This triggerfish has been identified thanks to Reiz Knapp – Black (often called Durgon) Triggerfish (Melichthys niger)
Bubbling with excitement I sent the crab back down. At the same time I was ducking Milky Dreams zinging over my head attached to the casts of Sammy and Randy. They had hundreds of milkfish feeding around. But I couldn’t duck to long, I hooked up with another new species. This is the Indian triggerfish. I’m for sure over 430 species now – pumped!
I wanted to send the crab down again but as I was fluffing it back together, Sam went tight. “I got one!”, he let out.
Randy and I watched as Sam delivered the brass to this fish. Sammy and I do a ton of big fish fishing in Baja together and he knows how to slow down an ocean speedster. I can’t believe it, but Wesley dropped the net to this milkfish after what was only a ten-minute battle!
The guys got a few more cracks at milkfish. I was so entertained sending my crab fly down to dark shapes below the boat that I continued. While I didn’t add any more new species, I caught a few bohar’s and one of my favorites, this yellow-edged lyretail.
Soon all four of our boats were drifting for milkfish, but the sleek fish finally tapered off. So much so that a catch was unlikely. Beforehand however, Mike landed his first. It was a hell of a battle but he too landed his fairly quick
We ended the day with a little celebration of this great trip. Tim radioed to us that it was calm enough to tie the boats together. We did so and all enjoyed a beer or two and cherished the trip highlights through stories.

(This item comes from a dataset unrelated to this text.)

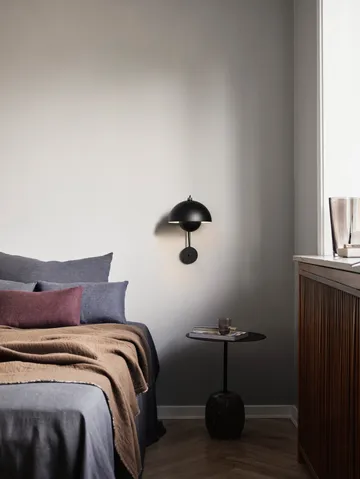 Flowerpot VP8 væglampe - Matt black - &Tradition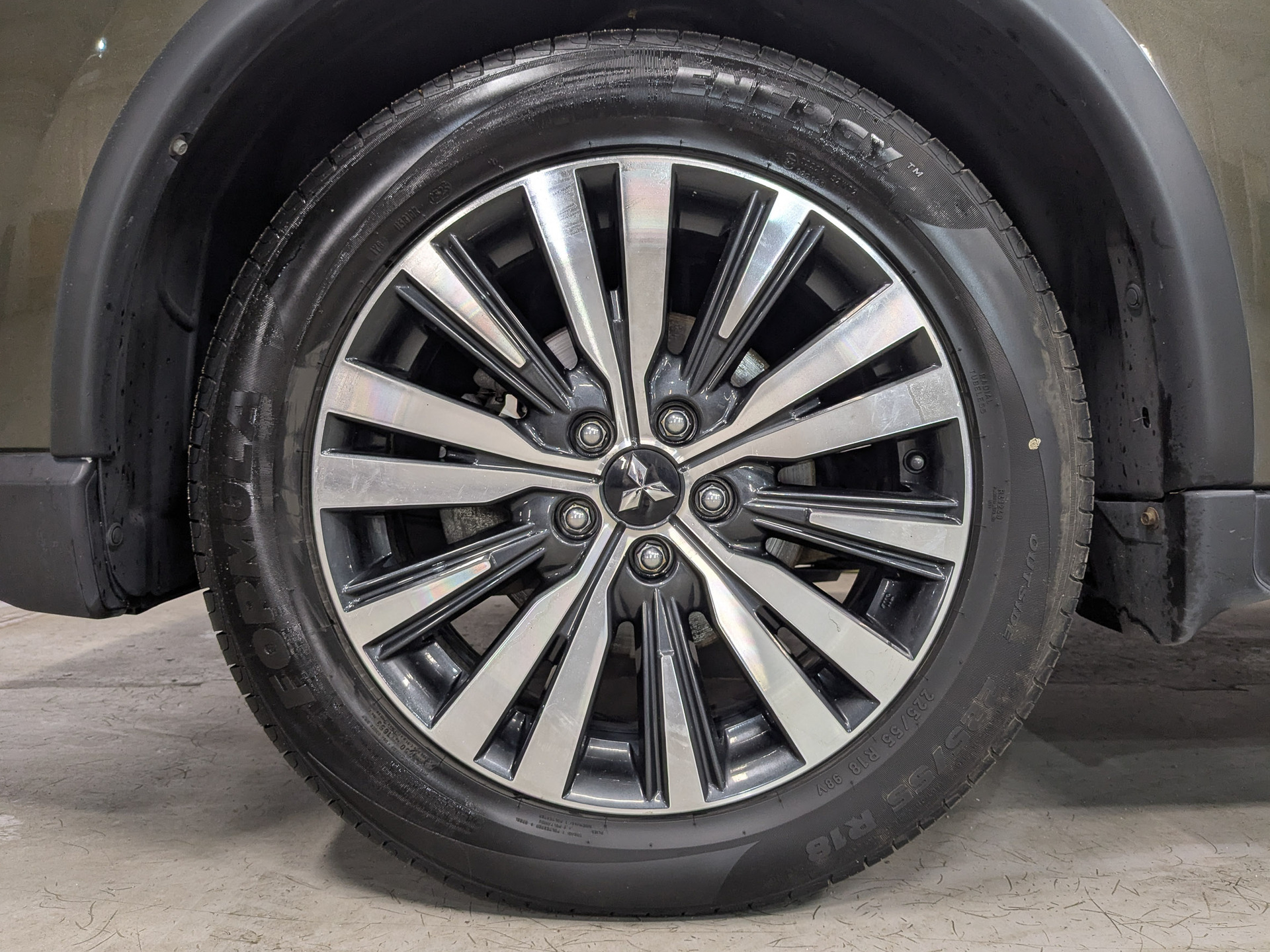 MITSUBISHI Outlander 2.00 (146 л.с), автомат, 2020, пробег 100 043 км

A special thanks goes out to the guides, my amazing South African friends, Tim Babich, Wesley De Klerk, Brendan Becker and Nick Isabelle. I promise you, there are no other fishing guides like these. We were the last trip of their long season and you would think it was their first. We fished all nine days from 7:30 AM until past 6 PM. And thanks to the Mayas Dugong staff. They are unbelievable.
That’s it for now, my Yellow Dog Flyfishing hosted trip comes to an end. Sadly it’s time to disassemble my gear, toss it in my Simms duffle and get ready for a long boat ride to Farquhar, a charter flight to Mahe, an international flight for Dubai, then Boston, a bus to Portsmouth, NH where Granny and my mom will pick me up to drive to the Irish Pub, Morrisse’s in Wolfeboro where I have a big date with the girls.”